*** Opening Material for this task ***
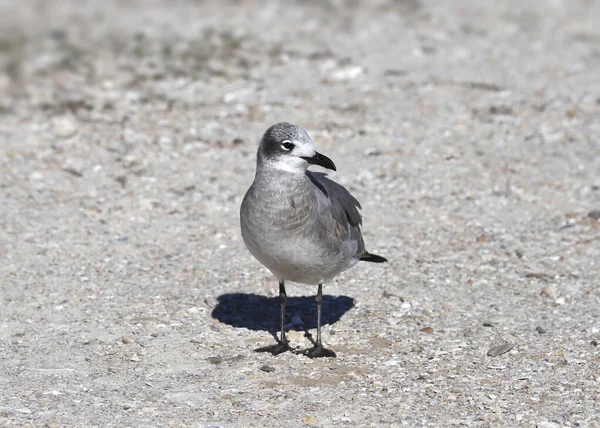 Gaviota Sonriente 1Er Invierno Leudophaes Atricilla — Foto de Stock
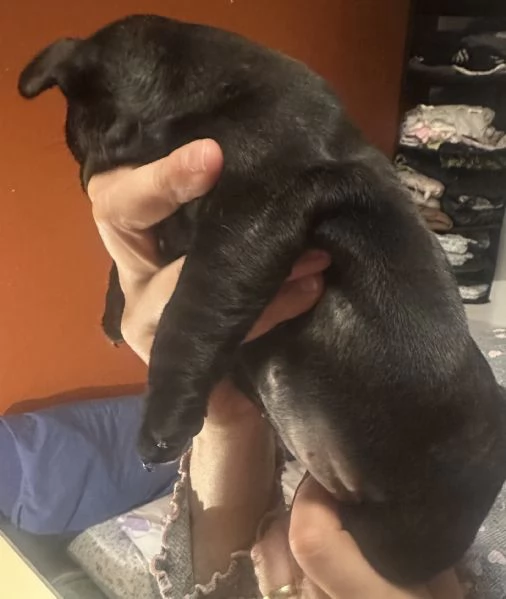 bulldog francese cucciola  | Foto 1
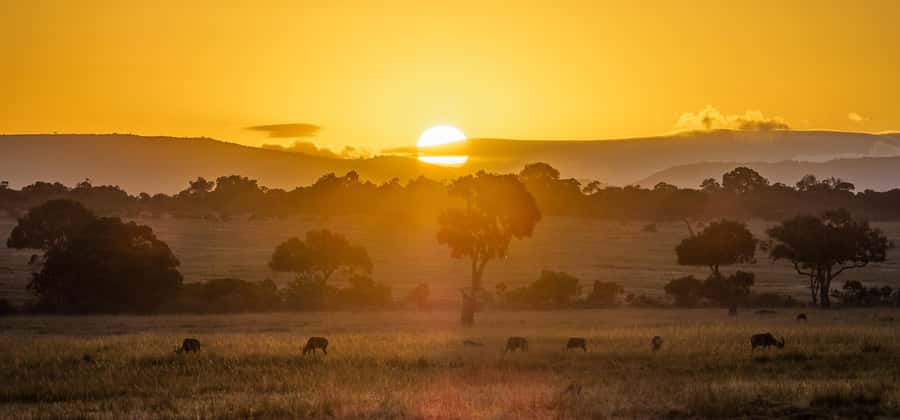 From Nairobi: 4-Day Maasai Mara and Lake Nakuru Group Safari - The transfer to Nakuru is a real travel day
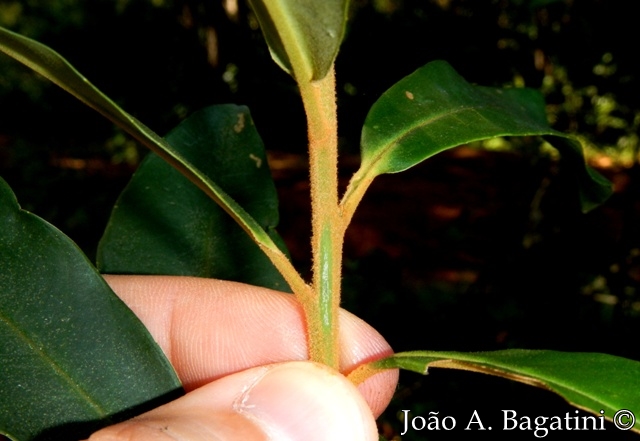 Myrsine coriacea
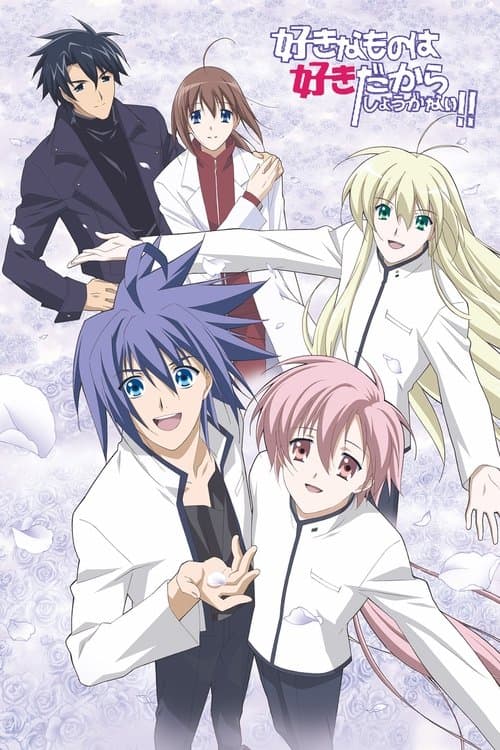 好きなものは好きだからしょうがない！！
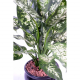 Dieffenbachia (50cm)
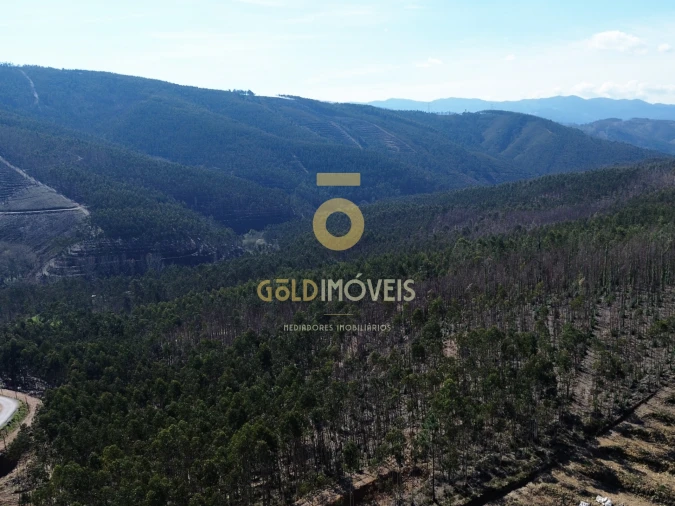 Terreno para Venda em Real Foto 12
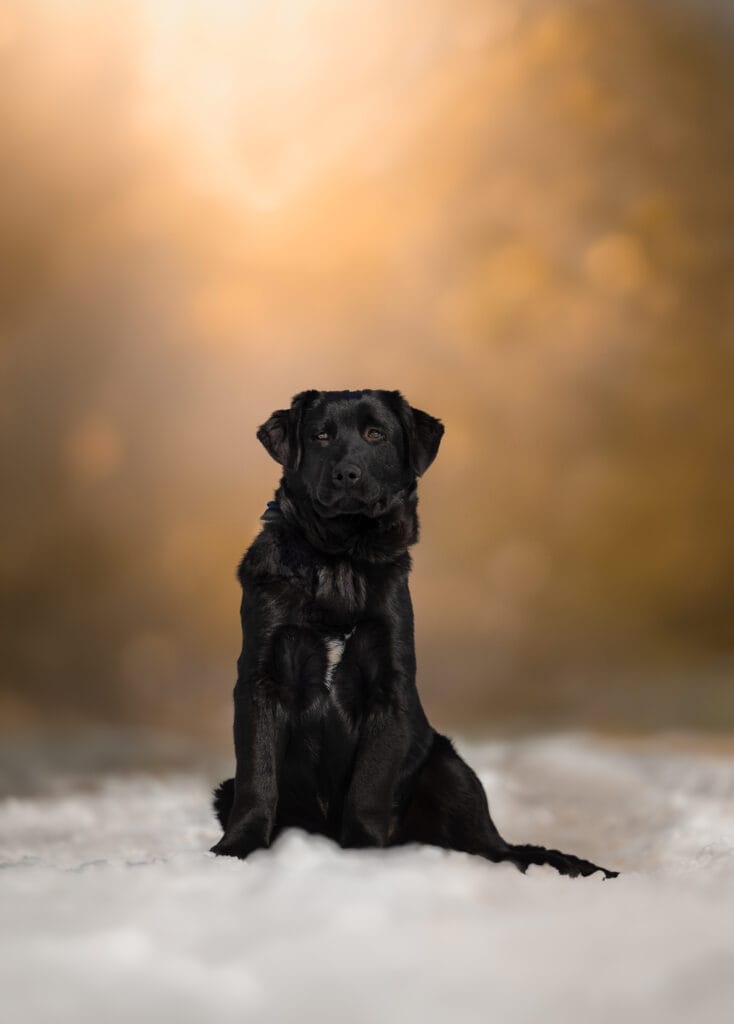 German Shepherd puppy sitting in a field in Maine
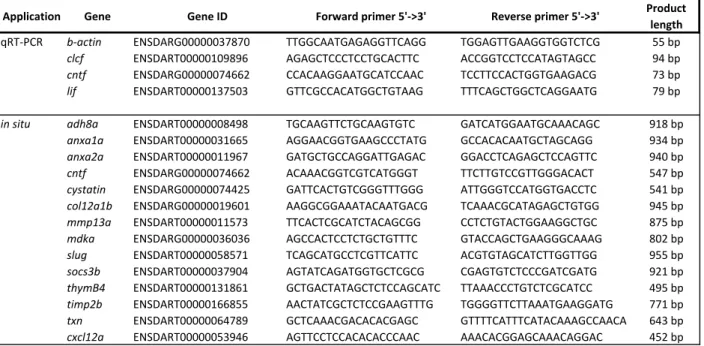 Table S1. Primers for in situ-hybridization and qRT-PCR analysis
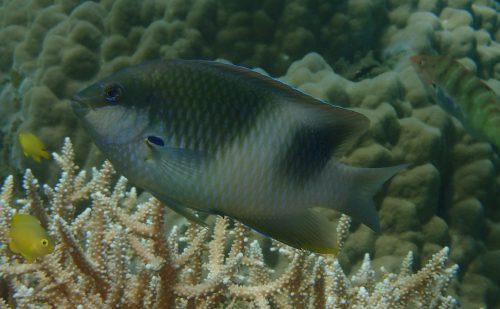 西表　自給自足する魚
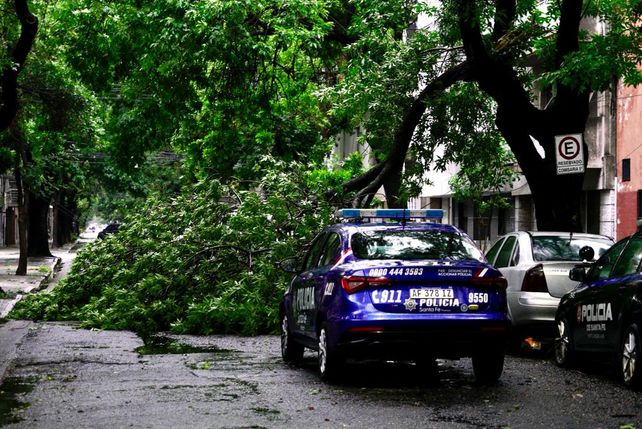 Tormenta brava. Arbol caído en Italia entre Cerrito y Riobamba frente a las Seccional 5ª.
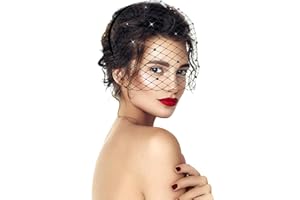 Jansun Black Veil Mesh Veil Headband 1920s Headpiece Birdcage Veil Bridal Wedding Tea Party Fascinator Veil for Women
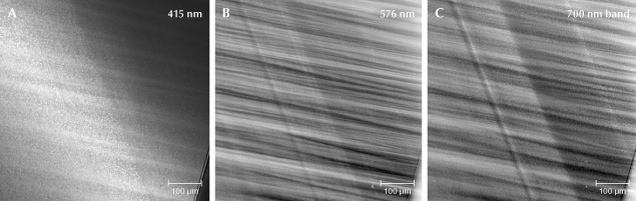 Figure 14. PL mapping of various spectroscopic features on the P2 facet defined in figure 7. On a small region near the facet junction on the right side of P2: peak area of the N3 ZPL at 415 nm normalized to the Raman peak area (A), peak area of the 576 nm ZPL (B), and emission area of the 625–677 nm region associated with the broad band centered at ~700 nm (C). Figure 14. PL mapping of various spectroscopic features on the P2 facet defined in figure 7. On a small region near the facet junction on the right side of P2: peak area of the N3 ZPL at 415 nm normalized to the Raman peak area (A), peak area of the 576 nm ZPL (B), and emission area of the 625–677 nm region associated with the broad band centered at ~700 nm (C).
*** Closing Material for this task ***
**Directions**
When you transcribe the entries above, keep every word exact and leave out the pictures.

**Your response**
 Gaviota Sonriente 1Er Invierno Leudophaes Atricilla — Foto de Stock
 bulldog francese cucciola  | Foto 1
 From Nairobi: 4-Day Maasai Mara and Lake Nakuru Group Safari - The transfer to Nakuru is a real travel day
 Myrsine coriacea
 好きなものは好きだからしょうがない！！
 Dieffenbachia (50cm)
 Terreno para Venda em Real Foto 12
 German Shepherd puppy sitting in a field in Maine
 Table S1. Primers for in situ-hybridization and qRT-PCR analysis
 西表　自給自足する魚
 Tormenta brava. Arbol caído en Italia entre Cerrito y Riobamba frente a las Seccional 5ª.
 Jansun Black Veil Mesh Veil Headband 1920s Headpiece Birdcage Veil Bridal Wedding Tea Party Fascinator Veil for Women
 Figure 14. PL mapping of various spectroscopic features on the P2 facet defined in figure 7. On a small region near the facet junction on the right side of P2: peak area of the N3 ZPL at 415 nm normalized to the Raman peak area (A), peak area of the 576 nm ZPL (B), and emission area of the 625–677 nm region associated with the broad band centered at ~700 nm (C). Figure 14. PL mapping of various spectroscopic features on the P2 facet defined in figure 7. On a small region near the facet junction on the right side of P2: peak area of the N3 ZPL at 415 nm normalized to the Raman peak area (A), peak area of the 576 nm ZPL (B), and emission area of the 625–677 nm region associated with the broad band centered at ~700 nm (C).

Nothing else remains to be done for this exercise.